§ TASK:
In the entries below, which lines run from the one with "As far as detanglers" through the one with "Then we go over"? Repeat exactly those, both included, and no pictures.

[DATASET ENTRIES Boundary: Start]

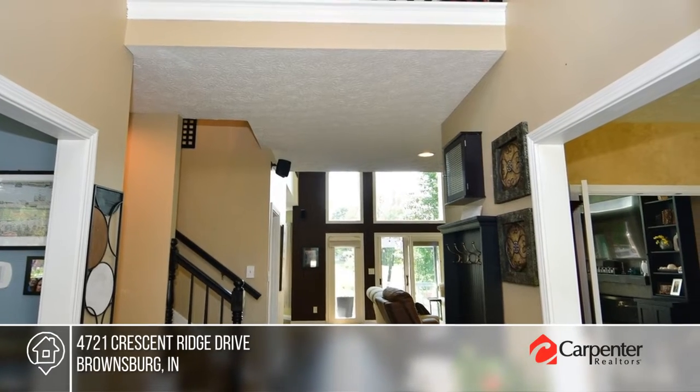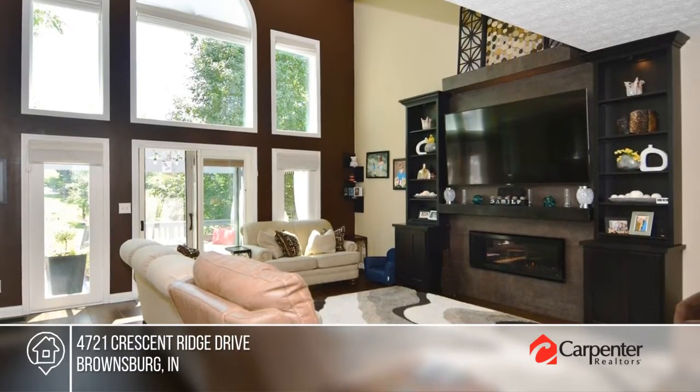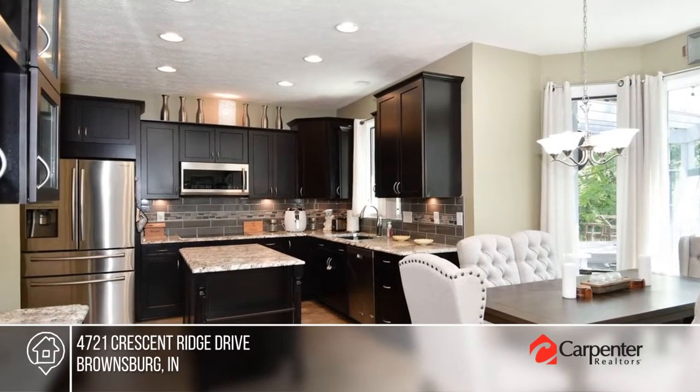Don't miss this gorgeous 4 bedroom, 3 and a half bath custom home on 1.7 acres, offering country living with modern flair. Entertaining is easy with a large kitchen, double ovens, and a separate dining room.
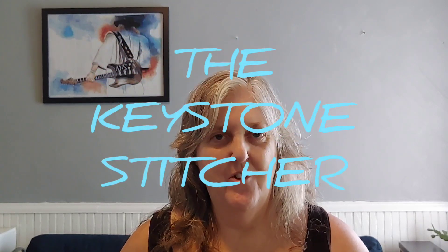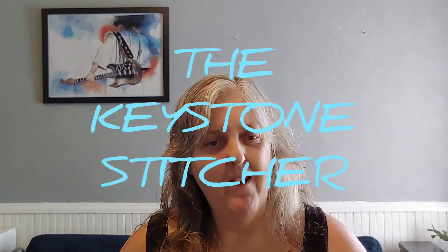Hi, I'm Elle, the Keystone Stitcher. I'm glad you're here with me today. So today is September 1st, 2022. Summer's over, kids are back in school, and I can't believe we're in the last few months of the year already.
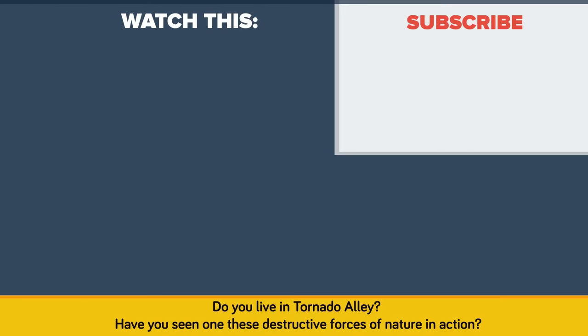Do you live in Tornado Alley, and have you seen one of these destructive forces of nature in action?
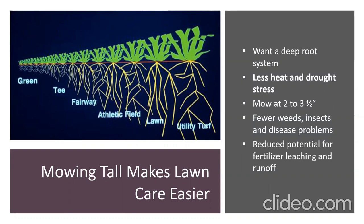Mowing height really makes a big difference. As shown in this picture, the taller the turf, the bigger the root system. Don't mow your yard like a golf green — mow it more like a lawn, toward the taller end of the scale. Deeper roots cause less heat and drought stress, fewer weeds, fewer insects, fewer diseases, and reduced potential for fertilizer leaching and runoff, because those roots help break up the soil and allow water to percolate down better.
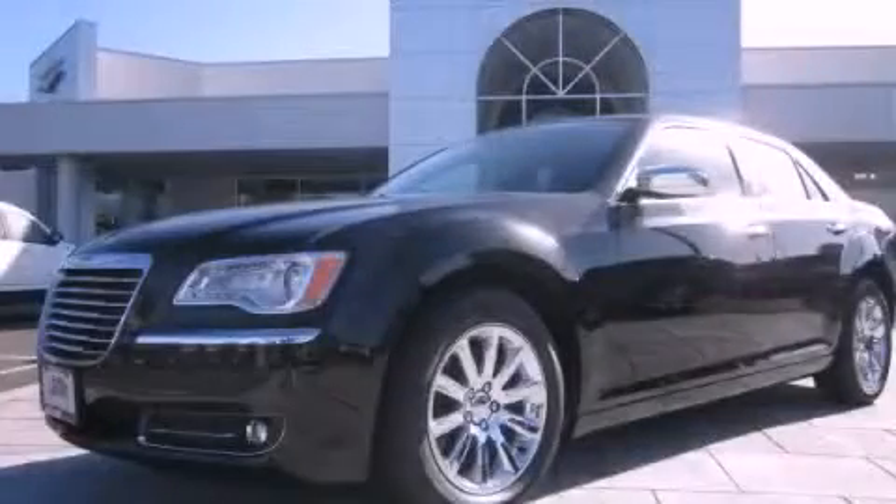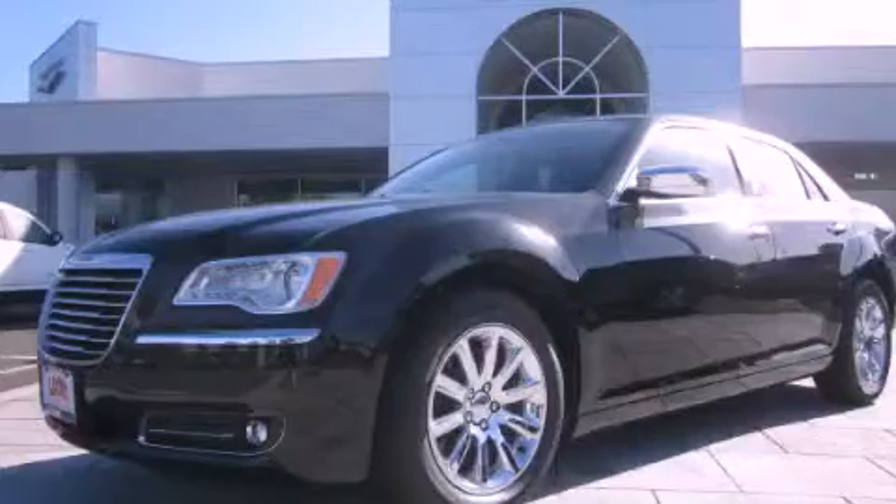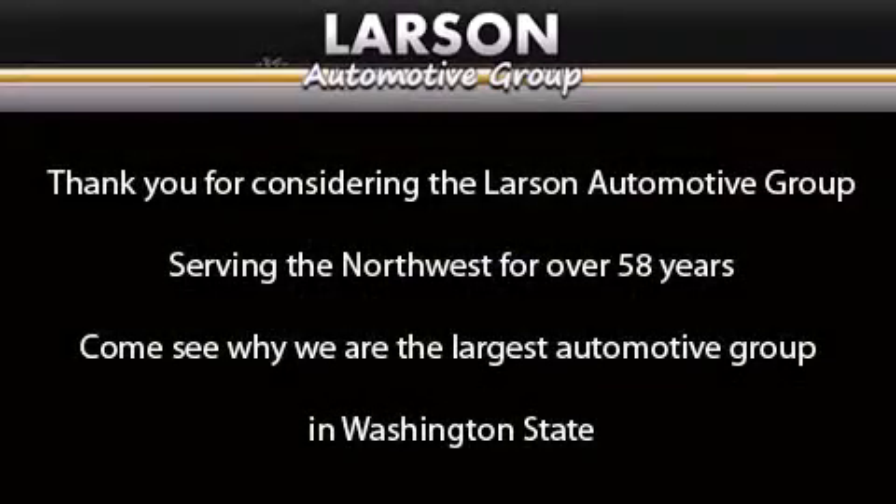We hope you found this video informative. Please contact us today. Thank you for considering the Larson Automotive Group, serving the Northwest for over 58 years. Come see why we are the largest automotive group in Washington State.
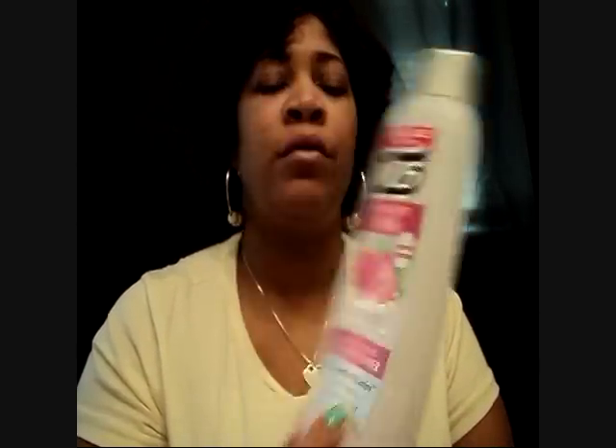As far as detanglers or rinse-out conditioners, I'm using the VO5 Moisture Milks in the strawberries and cream. I really like this conditioner because number one it's cheap, and number two it really adds a lot of slip to my hair. Slip is where you can easily glide through your hair with a comb, your fingers, or a brush.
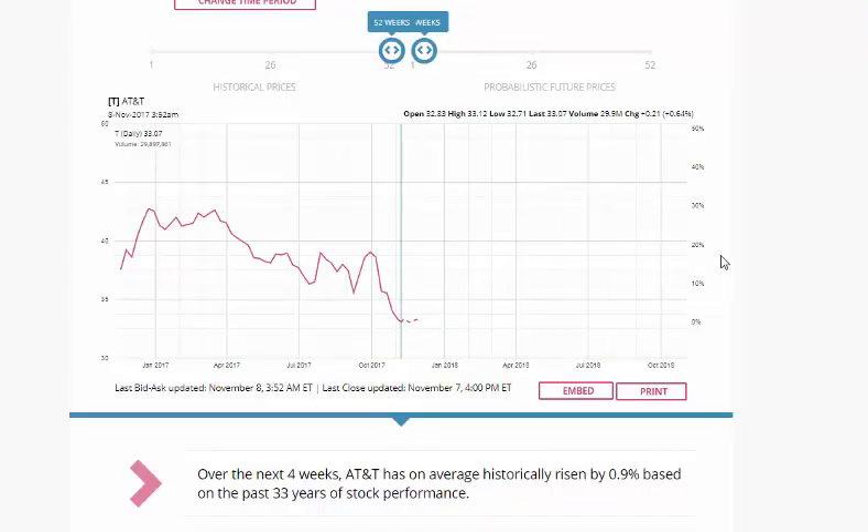Then we go over to our seasonality tool as displayed here on the screen. Over the next four weeks, AT&T has risen by approximately 1%, based on 33 years of stock performance — pretty good data. If we extend out to six weeks, we rise by 1.9%, so we pick up an extra percent by holding for approximately six weeks.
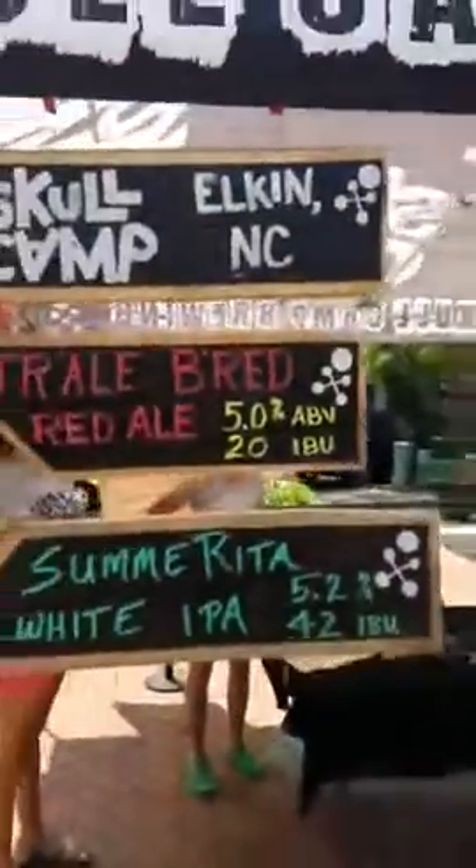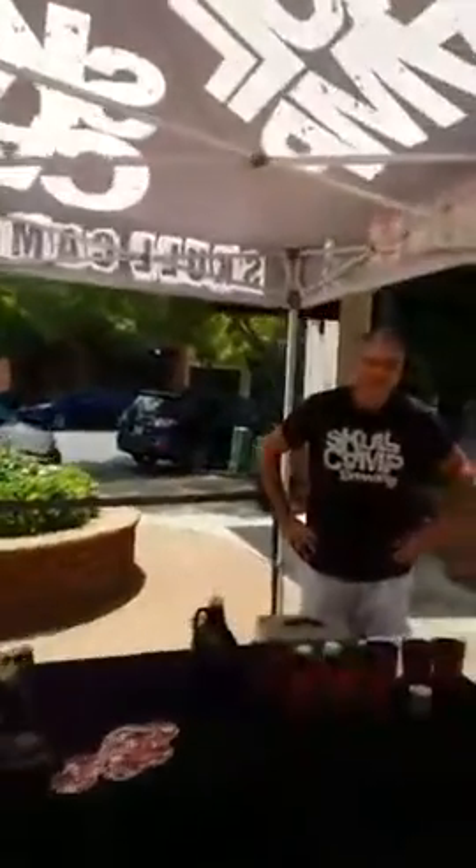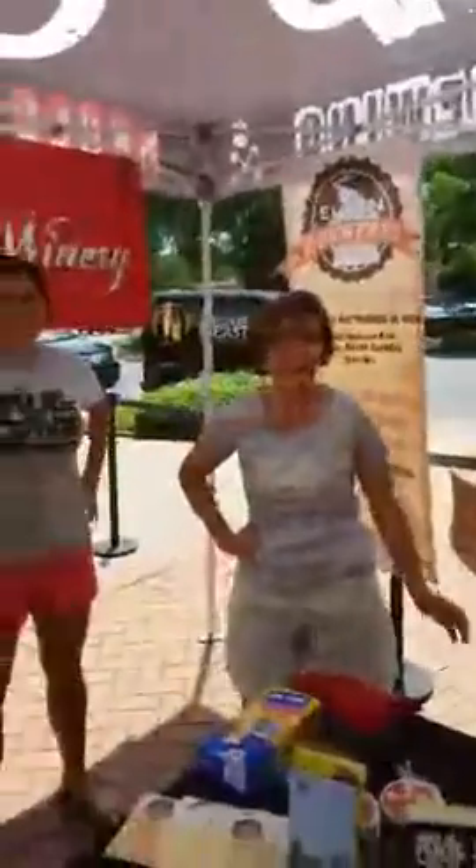So what beers do you have today? We have the Red Ale and the White IPA. The White IPA is just a hair over a session, so it's a nice, really mild, citrus-based beer with Simcoe and Citra hops — really nice for a day like today. And it's a hot summer day, so it's called Summer Rita. Fantastic. Well, thank you very much, looking forward to trying everything. Do you want a taste? Absolutely!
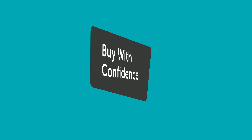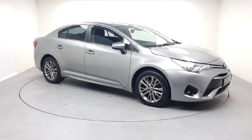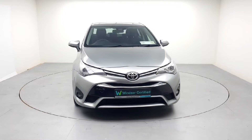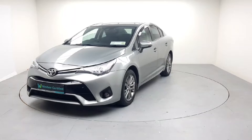Buy with confidence and get the best benefits for your used vehicle with Windsor Certified. Like a comprehensive 12-month warranty that will keep you covered for any unforeseen mechanical issues. And with a thorough history check on all of our vehicles, you won't have to worry about any hidden surprises.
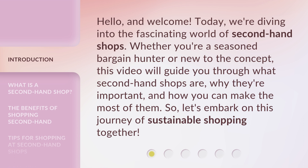Whether you're a seasoned bargain hunter or new to the concept, this video will guide you through what secondhand shops are, why they're important, and how you can make the most of them. So, let's embark on this journey of sustainable shopping together.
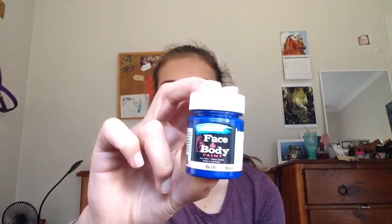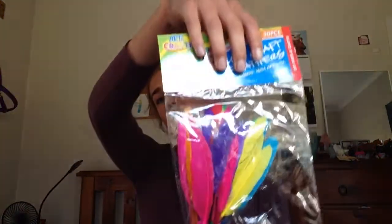The second thing I got, which was also blue, is blue body paint for if I wanted to paint Troy or something. And then another weird thing I got was colourful feathers — I don't even know what for. Moving on, these weren't from Horseland, they were from Dollars and Cents, which is like an Australian dollar store.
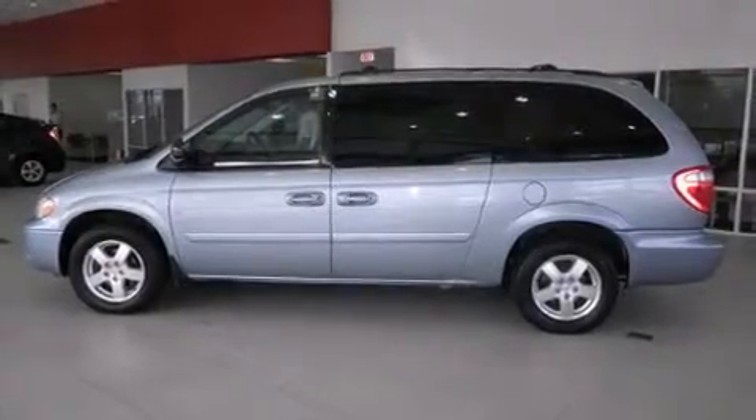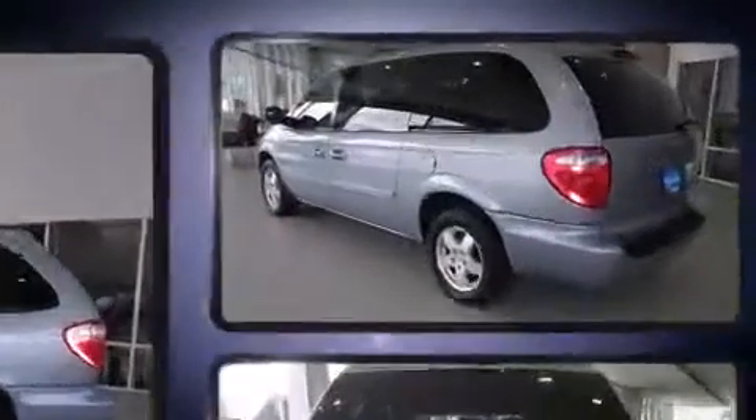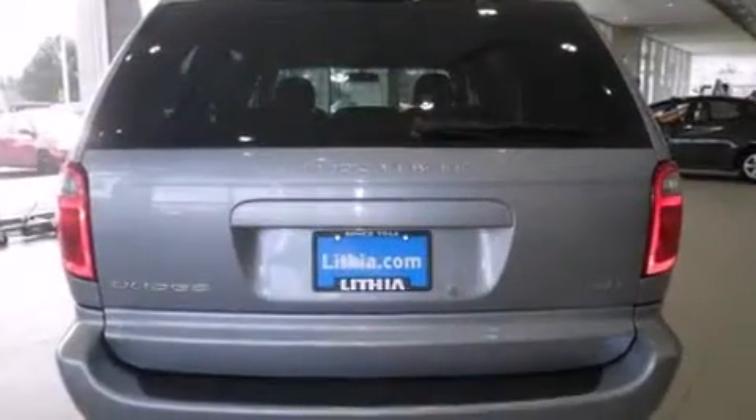Here's a great deal on a 2006 Dodge Grand Caravan. A 3.8-liter V6 engine pairs with a sophisticated four-speed automatic transmission, providing a smooth and predictable driving experience.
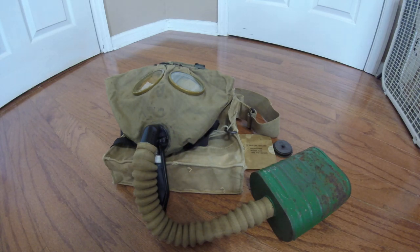Duke NuGet3D here with a re-review of my United States Richardson, Flory & Copse, or RFK, gas mask from 1918. I'm redoing this review because I feel like the original review was a bit lackluster in terms of quality and information. So, to get right into it, let's start off with the history.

[DATASET ENTRIES Boundary: End]

§ FINISHED EXERCISE:
As far as detanglers or rinse-out conditioners, I'm using the VO5 Moisture Milks in the strawberries and cream. I really like this conditioner because number one it's cheap, and number two it really adds a lot of slip to my hair. Slip is where you can easily glide through your hair with a comb, your fingers, or a brush.
Then we go over to our seasonality tool as displayed here on the screen. Over the next four weeks, AT&T has risen by approximately 1%, based on 33 years of stock performance — pretty good data. If we extend out to six weeks, we rise by 1.9%, so we pick up an extra percent by holding for approximately six weeks.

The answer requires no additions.